### Records from a data collection
--------------------------------

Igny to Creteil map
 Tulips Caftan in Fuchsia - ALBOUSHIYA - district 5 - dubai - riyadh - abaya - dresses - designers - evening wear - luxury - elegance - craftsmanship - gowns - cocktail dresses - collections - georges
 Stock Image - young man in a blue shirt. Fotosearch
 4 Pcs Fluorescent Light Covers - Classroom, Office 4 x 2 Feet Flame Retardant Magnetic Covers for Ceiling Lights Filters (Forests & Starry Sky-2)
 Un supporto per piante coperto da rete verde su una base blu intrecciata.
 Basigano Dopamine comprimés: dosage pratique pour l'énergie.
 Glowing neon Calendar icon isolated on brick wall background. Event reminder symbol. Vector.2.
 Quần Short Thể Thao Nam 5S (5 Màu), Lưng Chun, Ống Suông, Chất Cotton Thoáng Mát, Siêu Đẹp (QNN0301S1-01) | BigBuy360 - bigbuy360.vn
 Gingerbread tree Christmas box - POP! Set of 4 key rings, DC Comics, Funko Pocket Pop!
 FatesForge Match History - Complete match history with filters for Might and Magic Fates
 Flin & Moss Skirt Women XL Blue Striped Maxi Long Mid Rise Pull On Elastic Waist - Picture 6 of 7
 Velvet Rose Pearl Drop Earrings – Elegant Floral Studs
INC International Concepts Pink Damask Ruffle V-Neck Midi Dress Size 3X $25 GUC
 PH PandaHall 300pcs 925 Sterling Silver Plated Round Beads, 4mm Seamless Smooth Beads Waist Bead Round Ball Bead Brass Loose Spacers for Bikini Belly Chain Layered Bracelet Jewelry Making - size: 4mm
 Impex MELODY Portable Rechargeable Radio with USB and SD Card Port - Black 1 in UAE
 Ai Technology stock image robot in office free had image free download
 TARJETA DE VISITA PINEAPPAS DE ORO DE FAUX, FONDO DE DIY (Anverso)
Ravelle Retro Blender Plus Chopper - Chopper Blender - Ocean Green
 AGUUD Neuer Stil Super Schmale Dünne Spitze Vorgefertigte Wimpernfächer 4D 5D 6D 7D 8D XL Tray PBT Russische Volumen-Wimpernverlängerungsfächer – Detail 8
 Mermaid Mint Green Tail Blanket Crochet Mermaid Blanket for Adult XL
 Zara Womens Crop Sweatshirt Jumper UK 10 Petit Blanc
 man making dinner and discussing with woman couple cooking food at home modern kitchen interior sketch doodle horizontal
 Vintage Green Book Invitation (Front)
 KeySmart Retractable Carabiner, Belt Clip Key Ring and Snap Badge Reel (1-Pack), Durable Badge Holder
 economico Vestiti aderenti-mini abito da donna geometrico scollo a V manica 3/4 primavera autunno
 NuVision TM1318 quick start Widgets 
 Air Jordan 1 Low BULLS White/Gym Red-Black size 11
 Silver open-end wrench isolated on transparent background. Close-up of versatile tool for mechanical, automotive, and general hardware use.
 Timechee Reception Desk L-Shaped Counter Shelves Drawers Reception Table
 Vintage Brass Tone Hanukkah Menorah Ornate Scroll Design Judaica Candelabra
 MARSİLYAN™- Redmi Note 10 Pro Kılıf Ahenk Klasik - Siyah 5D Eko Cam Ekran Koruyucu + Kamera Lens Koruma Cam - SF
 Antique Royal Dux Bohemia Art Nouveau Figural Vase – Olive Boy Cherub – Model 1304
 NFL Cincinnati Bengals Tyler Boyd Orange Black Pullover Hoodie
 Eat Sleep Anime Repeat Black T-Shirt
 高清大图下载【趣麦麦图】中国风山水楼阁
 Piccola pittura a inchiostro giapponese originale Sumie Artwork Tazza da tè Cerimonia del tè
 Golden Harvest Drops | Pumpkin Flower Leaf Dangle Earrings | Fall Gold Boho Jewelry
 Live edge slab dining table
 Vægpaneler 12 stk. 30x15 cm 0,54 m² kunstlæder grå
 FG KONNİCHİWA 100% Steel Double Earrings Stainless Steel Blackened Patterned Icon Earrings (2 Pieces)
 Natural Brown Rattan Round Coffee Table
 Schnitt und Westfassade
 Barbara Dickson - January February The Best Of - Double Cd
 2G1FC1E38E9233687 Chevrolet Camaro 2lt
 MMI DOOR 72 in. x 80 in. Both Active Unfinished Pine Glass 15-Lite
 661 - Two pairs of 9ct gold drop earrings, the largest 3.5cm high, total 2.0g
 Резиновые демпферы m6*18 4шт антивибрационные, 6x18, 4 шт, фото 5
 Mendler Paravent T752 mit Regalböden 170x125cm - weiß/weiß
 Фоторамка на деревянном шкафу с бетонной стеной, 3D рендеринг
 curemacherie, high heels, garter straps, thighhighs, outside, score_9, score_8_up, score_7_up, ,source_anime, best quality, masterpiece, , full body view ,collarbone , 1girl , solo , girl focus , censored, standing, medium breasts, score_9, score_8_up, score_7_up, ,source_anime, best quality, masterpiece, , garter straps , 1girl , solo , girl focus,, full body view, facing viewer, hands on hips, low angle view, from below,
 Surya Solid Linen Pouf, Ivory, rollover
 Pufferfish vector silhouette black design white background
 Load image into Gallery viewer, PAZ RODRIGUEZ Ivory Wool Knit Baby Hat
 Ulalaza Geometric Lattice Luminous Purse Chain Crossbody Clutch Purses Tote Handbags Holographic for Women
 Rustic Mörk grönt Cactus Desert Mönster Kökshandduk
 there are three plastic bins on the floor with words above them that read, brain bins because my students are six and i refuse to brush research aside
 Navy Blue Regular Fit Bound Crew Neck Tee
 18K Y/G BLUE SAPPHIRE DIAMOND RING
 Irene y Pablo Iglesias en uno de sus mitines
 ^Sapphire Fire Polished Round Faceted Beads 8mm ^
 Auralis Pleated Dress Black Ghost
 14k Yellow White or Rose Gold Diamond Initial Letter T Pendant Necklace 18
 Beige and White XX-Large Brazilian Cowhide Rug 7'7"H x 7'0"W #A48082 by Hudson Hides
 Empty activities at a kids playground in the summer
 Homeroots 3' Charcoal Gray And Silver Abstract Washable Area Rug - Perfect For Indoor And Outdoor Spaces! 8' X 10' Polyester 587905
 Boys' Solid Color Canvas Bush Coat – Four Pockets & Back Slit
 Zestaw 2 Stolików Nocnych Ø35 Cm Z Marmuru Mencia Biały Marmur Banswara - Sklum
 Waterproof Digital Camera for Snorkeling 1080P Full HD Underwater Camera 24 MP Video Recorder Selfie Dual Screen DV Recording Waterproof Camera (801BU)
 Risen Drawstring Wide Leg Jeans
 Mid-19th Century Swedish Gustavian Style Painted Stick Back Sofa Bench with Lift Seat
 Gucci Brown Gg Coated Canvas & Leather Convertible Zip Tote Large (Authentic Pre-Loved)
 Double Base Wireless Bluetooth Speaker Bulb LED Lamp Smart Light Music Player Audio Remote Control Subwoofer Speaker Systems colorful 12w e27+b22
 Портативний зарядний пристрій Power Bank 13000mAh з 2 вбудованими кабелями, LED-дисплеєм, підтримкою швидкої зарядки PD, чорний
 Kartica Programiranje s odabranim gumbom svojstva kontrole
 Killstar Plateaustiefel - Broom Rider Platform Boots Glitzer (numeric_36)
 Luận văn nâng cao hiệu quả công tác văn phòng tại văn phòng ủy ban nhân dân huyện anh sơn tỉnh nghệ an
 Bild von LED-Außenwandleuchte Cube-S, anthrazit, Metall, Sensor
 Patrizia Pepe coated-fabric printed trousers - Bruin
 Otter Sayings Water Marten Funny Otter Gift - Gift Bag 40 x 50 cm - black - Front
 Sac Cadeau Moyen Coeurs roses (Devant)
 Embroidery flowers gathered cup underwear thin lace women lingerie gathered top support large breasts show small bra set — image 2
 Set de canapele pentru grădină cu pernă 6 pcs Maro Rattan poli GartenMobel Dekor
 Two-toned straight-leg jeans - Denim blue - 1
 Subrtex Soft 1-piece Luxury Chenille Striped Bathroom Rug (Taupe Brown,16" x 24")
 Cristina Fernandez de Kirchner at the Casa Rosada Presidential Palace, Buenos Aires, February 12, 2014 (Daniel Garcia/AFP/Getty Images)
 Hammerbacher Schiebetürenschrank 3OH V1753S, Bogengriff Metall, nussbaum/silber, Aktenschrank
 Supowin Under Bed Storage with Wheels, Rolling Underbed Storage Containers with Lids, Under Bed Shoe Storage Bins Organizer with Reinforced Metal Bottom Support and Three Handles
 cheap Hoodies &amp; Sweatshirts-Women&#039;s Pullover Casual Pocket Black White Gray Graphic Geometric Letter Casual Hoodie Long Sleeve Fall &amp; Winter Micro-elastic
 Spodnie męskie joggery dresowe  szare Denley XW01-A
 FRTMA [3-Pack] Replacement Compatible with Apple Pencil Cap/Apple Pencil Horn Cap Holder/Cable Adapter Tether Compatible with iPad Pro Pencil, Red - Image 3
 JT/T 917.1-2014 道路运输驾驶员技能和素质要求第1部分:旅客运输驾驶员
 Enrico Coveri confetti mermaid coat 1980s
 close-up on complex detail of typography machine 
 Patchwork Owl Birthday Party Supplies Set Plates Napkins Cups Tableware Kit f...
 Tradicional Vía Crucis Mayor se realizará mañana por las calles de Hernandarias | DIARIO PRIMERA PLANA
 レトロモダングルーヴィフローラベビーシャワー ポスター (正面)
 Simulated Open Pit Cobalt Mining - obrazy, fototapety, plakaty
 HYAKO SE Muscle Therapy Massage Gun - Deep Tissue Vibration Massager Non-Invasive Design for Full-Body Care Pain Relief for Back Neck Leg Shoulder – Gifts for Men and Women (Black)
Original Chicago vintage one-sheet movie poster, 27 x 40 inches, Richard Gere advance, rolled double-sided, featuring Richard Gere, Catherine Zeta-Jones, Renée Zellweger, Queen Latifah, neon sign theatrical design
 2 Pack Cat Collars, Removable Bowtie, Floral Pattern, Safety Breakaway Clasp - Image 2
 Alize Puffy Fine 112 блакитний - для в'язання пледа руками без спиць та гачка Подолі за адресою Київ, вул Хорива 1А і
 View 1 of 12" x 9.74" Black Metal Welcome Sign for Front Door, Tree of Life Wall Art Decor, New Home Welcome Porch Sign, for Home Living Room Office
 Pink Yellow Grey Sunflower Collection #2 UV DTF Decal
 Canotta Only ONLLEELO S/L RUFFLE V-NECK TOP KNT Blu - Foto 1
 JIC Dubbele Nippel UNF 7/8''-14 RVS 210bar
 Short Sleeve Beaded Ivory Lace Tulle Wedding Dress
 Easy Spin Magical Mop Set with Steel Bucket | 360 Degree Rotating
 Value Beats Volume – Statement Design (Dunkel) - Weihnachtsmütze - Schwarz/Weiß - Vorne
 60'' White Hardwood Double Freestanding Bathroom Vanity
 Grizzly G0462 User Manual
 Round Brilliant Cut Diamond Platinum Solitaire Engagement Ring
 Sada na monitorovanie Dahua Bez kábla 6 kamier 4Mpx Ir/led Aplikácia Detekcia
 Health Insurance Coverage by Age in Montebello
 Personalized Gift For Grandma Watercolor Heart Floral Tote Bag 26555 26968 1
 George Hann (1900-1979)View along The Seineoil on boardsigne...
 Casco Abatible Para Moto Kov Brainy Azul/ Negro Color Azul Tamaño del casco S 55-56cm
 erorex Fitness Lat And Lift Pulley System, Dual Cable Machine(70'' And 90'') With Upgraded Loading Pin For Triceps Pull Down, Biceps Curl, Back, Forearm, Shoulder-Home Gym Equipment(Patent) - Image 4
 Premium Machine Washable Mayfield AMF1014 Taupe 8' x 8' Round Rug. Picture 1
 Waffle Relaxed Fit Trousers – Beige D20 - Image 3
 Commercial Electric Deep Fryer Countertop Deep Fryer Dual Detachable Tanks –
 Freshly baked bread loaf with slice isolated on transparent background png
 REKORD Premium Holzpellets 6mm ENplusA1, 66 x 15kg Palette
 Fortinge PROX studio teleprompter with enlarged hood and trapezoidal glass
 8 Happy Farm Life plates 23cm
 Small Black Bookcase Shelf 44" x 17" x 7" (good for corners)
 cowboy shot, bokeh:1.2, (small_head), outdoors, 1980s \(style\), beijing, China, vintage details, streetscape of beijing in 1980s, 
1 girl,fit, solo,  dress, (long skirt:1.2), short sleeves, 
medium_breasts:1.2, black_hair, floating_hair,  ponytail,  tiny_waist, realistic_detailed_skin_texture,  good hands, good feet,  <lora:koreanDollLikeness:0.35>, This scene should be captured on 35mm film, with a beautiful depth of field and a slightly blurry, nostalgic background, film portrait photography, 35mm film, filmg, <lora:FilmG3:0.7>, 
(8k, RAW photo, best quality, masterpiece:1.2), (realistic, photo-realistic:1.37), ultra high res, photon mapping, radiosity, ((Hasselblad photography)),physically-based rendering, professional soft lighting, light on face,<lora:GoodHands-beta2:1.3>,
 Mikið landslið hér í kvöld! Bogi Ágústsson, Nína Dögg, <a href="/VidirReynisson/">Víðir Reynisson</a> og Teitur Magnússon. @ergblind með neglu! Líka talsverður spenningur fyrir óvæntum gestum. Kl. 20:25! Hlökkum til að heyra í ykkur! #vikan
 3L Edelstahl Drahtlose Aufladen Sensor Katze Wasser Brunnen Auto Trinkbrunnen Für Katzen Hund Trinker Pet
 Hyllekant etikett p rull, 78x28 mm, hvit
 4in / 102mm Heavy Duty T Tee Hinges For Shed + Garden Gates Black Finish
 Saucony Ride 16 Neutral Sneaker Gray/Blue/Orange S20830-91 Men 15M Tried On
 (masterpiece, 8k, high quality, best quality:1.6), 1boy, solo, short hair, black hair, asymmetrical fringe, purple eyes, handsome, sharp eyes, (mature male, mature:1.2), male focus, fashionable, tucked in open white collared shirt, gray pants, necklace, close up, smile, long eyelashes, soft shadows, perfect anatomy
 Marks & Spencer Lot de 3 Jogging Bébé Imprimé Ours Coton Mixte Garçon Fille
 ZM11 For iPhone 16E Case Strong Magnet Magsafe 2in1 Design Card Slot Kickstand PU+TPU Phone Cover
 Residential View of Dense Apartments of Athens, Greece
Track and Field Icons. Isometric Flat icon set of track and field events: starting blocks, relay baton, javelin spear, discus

--------------------------------

In the data above, start at the line that has "(masterpiece, 8k, high", stop after the line that has "Residential View of", and print every line in between exactly as it stands.

### EXERCISE OUTPUT
 (masterpiece, 8k, high quality, best quality:1.6), 1boy, solo, short hair, black hair, asymmetrical fringe, purple eyes, handsome, sharp eyes, (mature male, mature:1.2), male focus, fashionable, tucked in open white collared shirt, gray pants, necklace, close up, smile, long eyelashes, soft shadows, perfect anatomy
 Marks & Spencer Lot de 3 Jogging Bébé Imprimé Ours Coton Mixte Garçon Fille
 ZM11 For iPhone 16E Case Strong Magnet Magsafe 2in1 Design Card Slot Kickstand PU+TPU Phone Cover
 Residential View of Dense Apartments of Athens, Greece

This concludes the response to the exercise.